Yesterday’s post about Morocco has me straight back in the medinas. I can’t get my mind off that trip today. So, I figured it may be fun to share a bit about the glorious cuisine in Morocco as a way to channel my memories and tempt your tastebuds.
The interesting thing about Moroccan food is that there are actually a fairly limited number of ingredients, but the way you work with them transforms even the most simple of items into masterpieces. I learned that one day at the charming cafe called Nid’cigogne. Just across the street from the Saadian Tombs, I sat and looked down at the street from the third floor terrace of this simple establishment. After climbing a steep set of stairs, I settled in at the table and gazed out at a couple of storks who were carefully guarding their nests – and potentially engaging in similar people-watching as I.
I had read that Nid’cigogne was a good spot for an authentic, yet simple lunch. Boy did it deliver.
Upon glancing over the menu I noticed very affordable salads, and so I assumed that they’d be an appropriate starter. I selected the sampler of Moroccan salads. As a main course, I asked for a beef kabob sandwich.

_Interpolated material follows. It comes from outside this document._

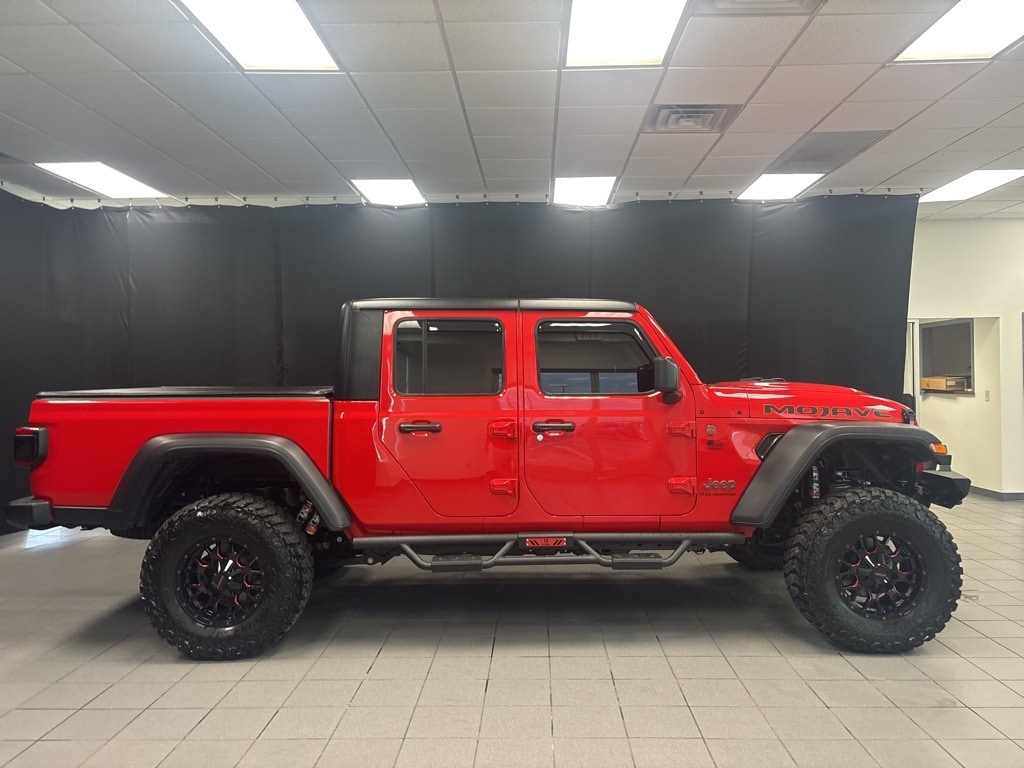 Used 2024 Jeep Gladiator Mojave with VIN 1C6JJTEG1RL106310 for sale in Little Rock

Seemed basic, and in many ways it was. But this simple establishment was clearly waiting to teach me a thing or two about what makes these basic dishes so remarkable.
The salad sampler was HUGE! Truly, I didn’t need any more food than that. For a mere $3, I received three different salads. One was a sweet carrot mixture – served at room temperature, the carrots were cooked al dente and dressed in a vinaigrette of bright olive oil, cumin, parsley, sugar and salt. Another was a cold rice salad with tuna. I honestly wasn’t sure if there were any other ingredients. As a result, you got the true flavor of the fish and the real texture of the rice. Finally, a classic tomato salad with roasted peppers, olive oil, salt, pepper, cumin and onion. All three were alarmingly simple, yet so flavorful.